Monday, June 26, 2017

I had a braunschweiger called "The Wurst That Could Happen"

Unless you're of an uncertain age, the name Jimmy Webb doesn't mean much to you. But if you've ever ridden in an elevator, you have heard his music, or someone's version of one of his songs.

He wrote hundreds of songs way back when, stuff like MacArthur Park, Wichita Lineman, The Worst That Could Happen, Galveston, Up, Up And Away, Honey Come Back, By The Time I Get To Phoenix  and Where's The Playground Susie?

His own website modestly proclaims him to be "America's Songwriter," and invites you to subscribe to his emails on the "World Wide Webb."

So now he has published his autobiography, "The Cake And The Rain." The title, of course, refers to the line in "MacArthur Park" about someone leaving a cake out in the rain, and Webb took that allusion from poet W.H. Auden, who said that when he looks in the mirror his face looks like a cake someone left out in the rain.

I don't think that I can take it.

I read the book because I am interested in popular music, but Webb should stick to writing lyrics, because the book is disjointed in the extreme. He jumps between vignettes from the 1950s and the 1970s, he talks of characters in his life without bothering to tell us who they are (there is one person present with him at many events who is only referred to as "the devil") and he leaves out many details. 
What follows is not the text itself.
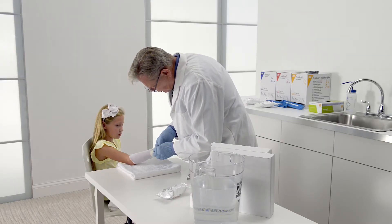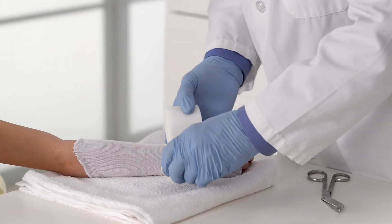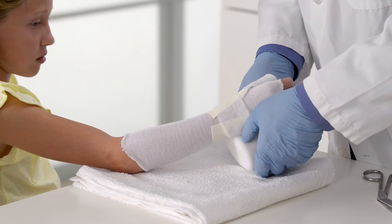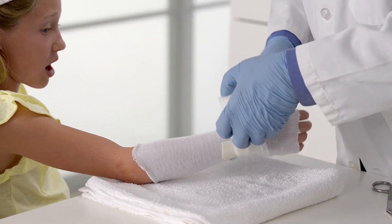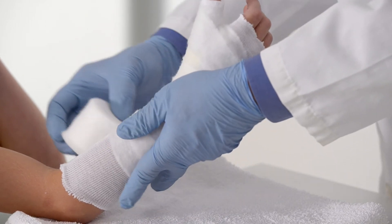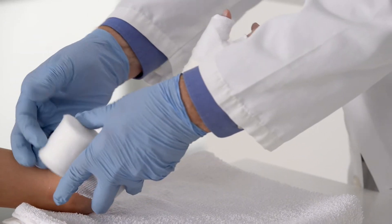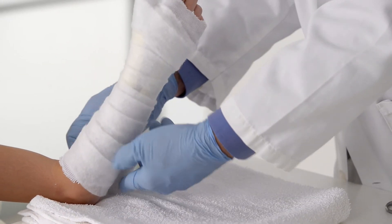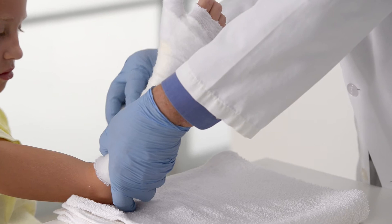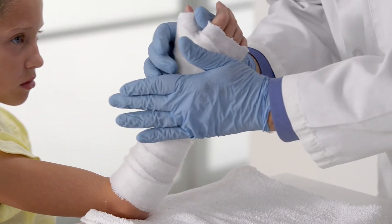Now it's time to apply the padding. Using 3M synthetic cast padding, begin the padding at the wrist, working down to the distal palmar crease. Then wrap proximally, overlapping each preceding layer by 50%. Continue wrapping, stopping 2 finger widths below the forearm crease. Inspect the padding to ensure the extremity is adequately protected. If necessary, add padding to bony parts of the hand or arm.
But two things he never fails to mention are what a genius he thinks he is, and how unfair it is that the "left-wing folkie exclusivity" fails to give him the respect he is due. Webb was a fine songwriter, no doubt, but that never meant that people wanted to hear him sing his own songs.  Time after time, he tried to mount a performing career, only to receive solid evidence that people preferred The Fifth Dimension and Glen Campbell singing his songs over Webb's weak-throated bleating.

I'm harsh on him because he has obviously had an interesting life but failed to tell us about it clearly. Reading this book, I kept feeling like I was trying to watch a movie on a bad DVD player that kept skipping and stalling. He has stories to tell but he didn't tell them.

He did mention that he consumed an awful lot of drugs, shoving pills down his throat and powder up his nose to ease the pain of his wealth and success. And time after time, he tells of how harshly and cruelly he treated women and fellow musicians. That sort of thing leads to karmic consequences, you know, Jimmy?

I can't recommend this book unless you have a kitchen table with one leg two inches too short.